Home Garden

The Best Small Containers for Seeds

A resurgence in home gardening has led to a greater interest in heirloom plant varieties, which retain their traits year after year through careful plant culture and seed saving. When a plant's seeds are properly harvested and stored, the same kind of plant can be grown for multiple seasons by starting it indoors at home from a saved seed or even from a seed shared by a neighbor or collector. Ensuring you have the right container for both growing and storing seeds can hedge against crop losses and help boost plant diversity in your garden.
  1. Seed-Saving Containers

    • The most carefully grown and harvested seed is worthless when it is stored in a shoddy container. The best containers for seed storage serve as a barrier against moisture and should have a tightly fitted lid or closure. Sealable plastic bags usually are too permeable to use on their own, though they work well when used with a second container, such as a plastic box with a snap-on lid. Acrylic tubes with snug lids, such as those intended for coin collecting, also work well for seeds. Glass is unrivaled for keeping out moisture, and though buying new glass jars can be expensive, most households have access to old spice jars, baby food containers or pharmacy dropper bottles that work well after they are washed and thoroughly dried. Storage jars with a rubber gasket that seals tightly when the flip-top is latched down are particularly effective at keeping moisture at bay.

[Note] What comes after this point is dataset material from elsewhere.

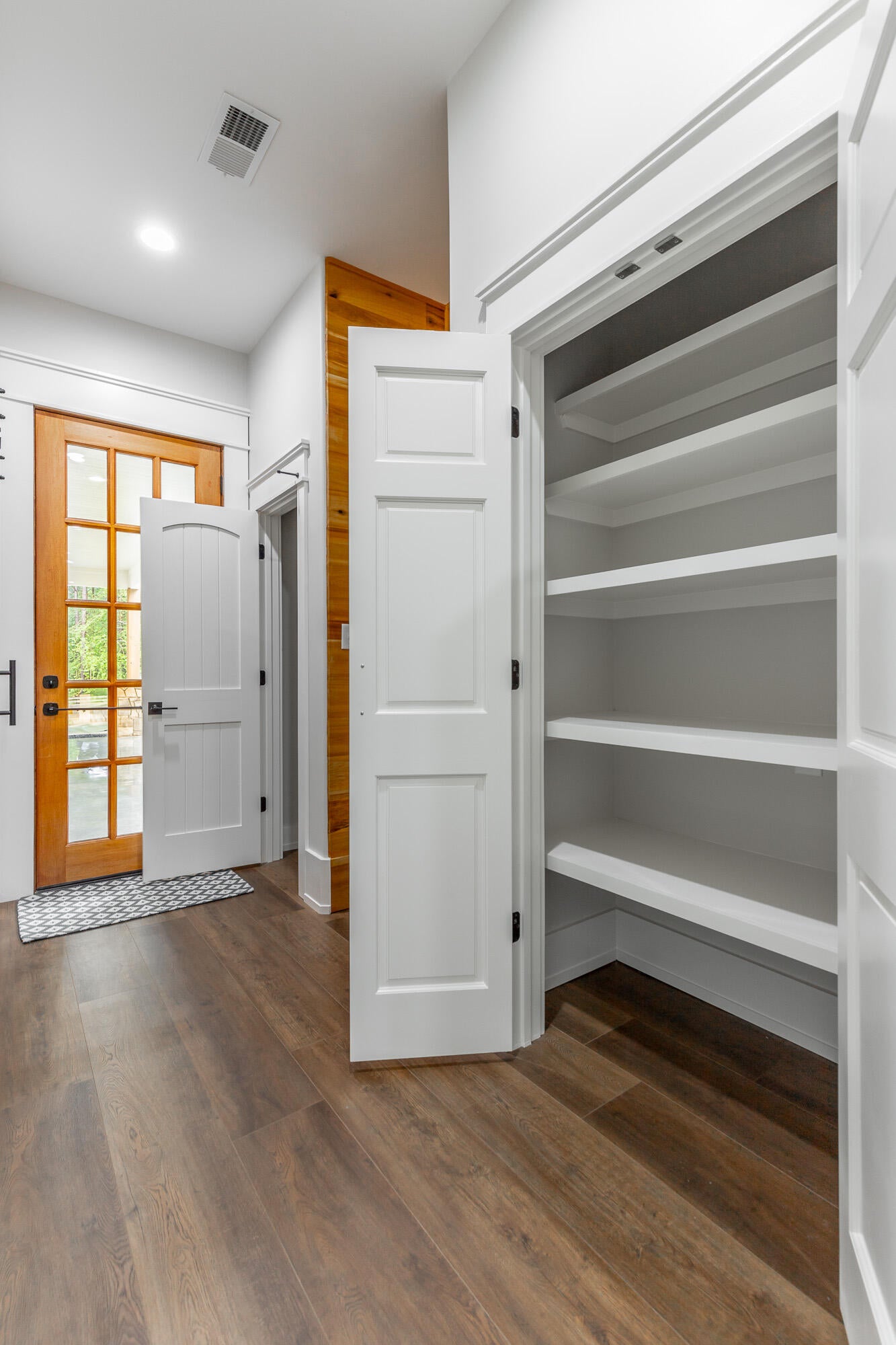 Jasper, Tennessee, 37347, United States, 3 Bedrooms Bedrooms, ,3 BathroomsBathrooms,Residential,Active,1965825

    Storage Considerations

    • Moisture and temperature are the two main adversaries of a seed. So keeping humidity and temperatures low helps to extend the life of many kinds of seeds. Some seeds are naturally short-lived, but even seeds with a relatively short shelf life can germinate successfully after more than one year of proper storage. The trick is ensuring seeds are completely dry before putting them into storage. Otherwise, not even the best container can stop mold from developing and ruining the seeds. Refrigeration helps extend the viability of most seeds, but a cool, dark location indoors, such as a basement or other unheated area of the house, also generally works well. Keeping a silica gel packet in each seed storage container also helps reduce the container's interior moisture level.

    Seed-Starting Containers

    • Although most seeds sprout just fine when put in any kind of soil, in any kind of container, under any kind of light, those sprouts are unlikely to develop into strong, healthy transplants unless they are started under near-optimum conditions. The container in which seeds are started absolutely makes a difference. The best containers for seed-starting are small, fairly narrow and deeper than they are wide, such as plug trays or individual cell packs. Each cell should be filled with a sterile growing medium, and only one seed should be planted per cell, which eliminates thinning and gives each seedling its own space to grow without competition from nearby roots.

    Home Item Ideas

    • A container that is out of proportion to the size of a seed, such as a large yogurt container or a cut-off milk jug, is a poor choice for starting a seed because its broad surface area dries out quickly as all the moisture sinks to the container's bottom. Instead, use shallow, wide clam-shell plastic boxes, such as those used for salads or berries, single-serving yogurt containers, small plastic cups or foam egg cartons, each with a hole punched in its bottom. Cardboard egg cartons become soggy with watering, and seedling roots tend to grow right into the cardboard. At transplant time, removing the cartons from the plants’ roots will damage the plants; though the cardboard can be transplanted right along with the seedlings, it poses the risk of restricting the plants’ roots as they continue to grow.